E Giorgetti dice: “Chissà quanto dura… Facciamo qualcosa”. Dal “portiamo a casa la manovra e poi vediamo”, è passato a un più generico ma non meno indicativo “chissà quanto dura”. Sul governo un’idea personale l’avrebbe, ma Giorgetti per quanto a fatica riesce a trattenerla, perché condivide la strategia di Salvini. E la linea in questa fase prevede di non mettere piedi in fallo, per quanto proseguire l’esperienza del “cambiamento” con i grillini sia “come camminare su un ponte tibetano”. L’altra sera dopo l’approvazione del ddl Anticorruzione il Capitano ha voluto spiegarsi con la squadra, costretta a votare il provvedimento: “Le cose che non si capiscono ora si capiranno al momento opportuno”.
Il sottosegretario alla Presidenza, partecipe del disegno, si è prodigato a far ingurgitare la soluzione: mai e poi mai la Lega dovrà assumersi nei mesi a venire la responsabilità di una crisi di governo. Poi però ci sono dei momenti in cui il “fatto personale” prende il sopravvento, e i gesti conseguenti sono comunque gesti politici. Giorgetti infatti ha disertato gli ultimi Consigli dei ministri, dopo che in uno dei penultimi aveva chiesto ai colleghi cinquestelle di smetterla con gli attacchi personali sui giornali.
Invece, dalla “manina” sul decreto fiscale fino alle “manine” nelle votazioni segrete alla Camera, è sempre stato tirato in ballo come l’ispiratore dei complotti: “E io mi sono rotto”. Perciò Di Maio è stato costretto pubblicamente a discolparlo. Passi la marcatura a uomo a cui è costretto, da quando i grillini l’hanno preso di mira per via della competenza e delle conoscenze che emergono su ogni dossier.
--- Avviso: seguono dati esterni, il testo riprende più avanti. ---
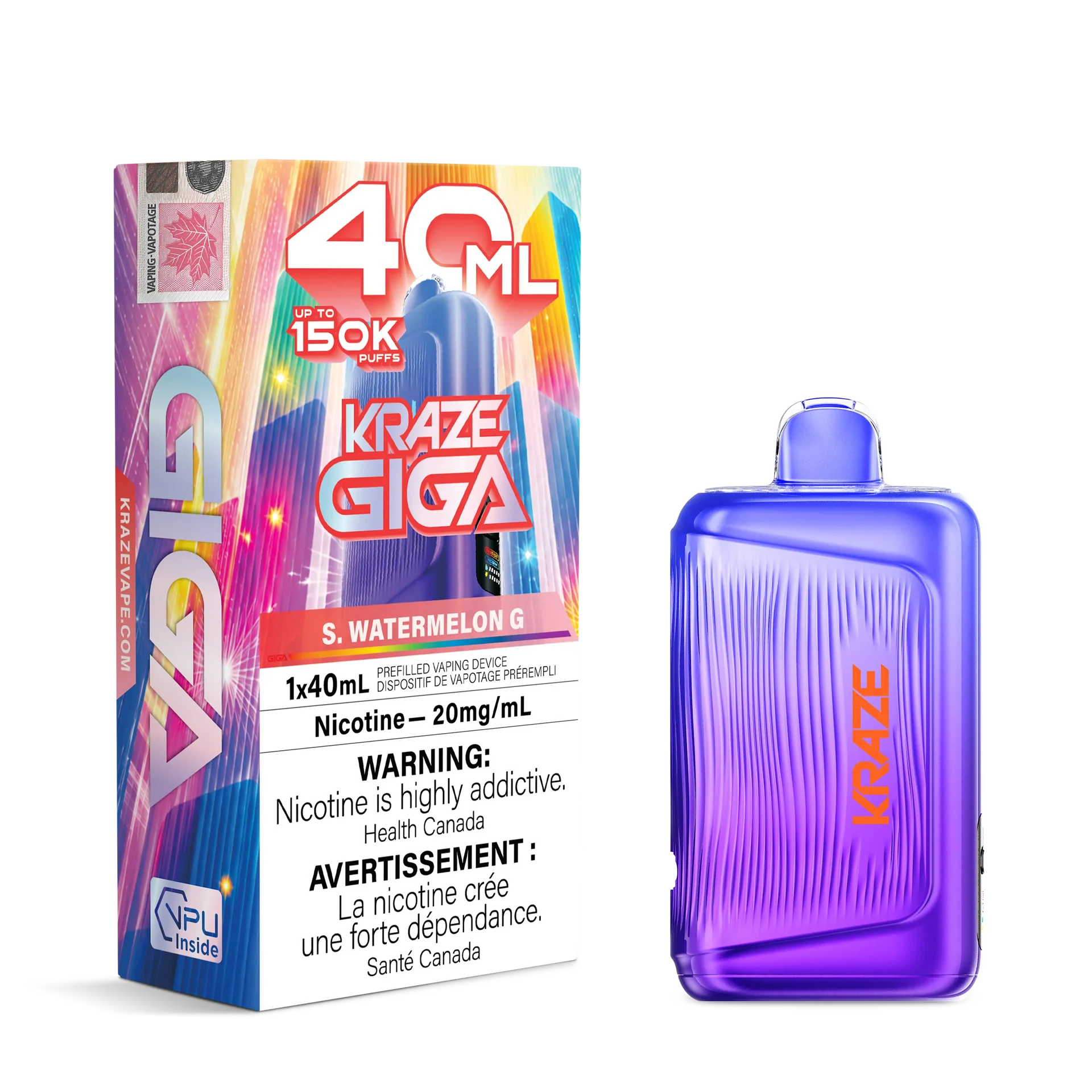 Sour Watermelon G Kraze Giga - Disposable 150K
Persino nella gestione della trattativa con il Coni lui che ha la delega allo Sport ogni qualvolta ha incontrato Malagò è stato accompagnato da un sottosegretario del Movimento, Valente.
Ma in fondo questo è il gioco e Giorgetti si adegua. La sua stanza a Palazzo Chigi è un porto di mare per imbarcazioni in difficoltà di navigazione. È li che ha riparato Savona negli ultimi tempi, ed è lì che per sfogarsi il ministro agli Affari europei gli ha rubato uno dei suoi intercalare: “È un disastro”. L’altra frase che usa Giorgetti insieme al famoso “sono tutti matti” riferito ai grillini è “che cinema”.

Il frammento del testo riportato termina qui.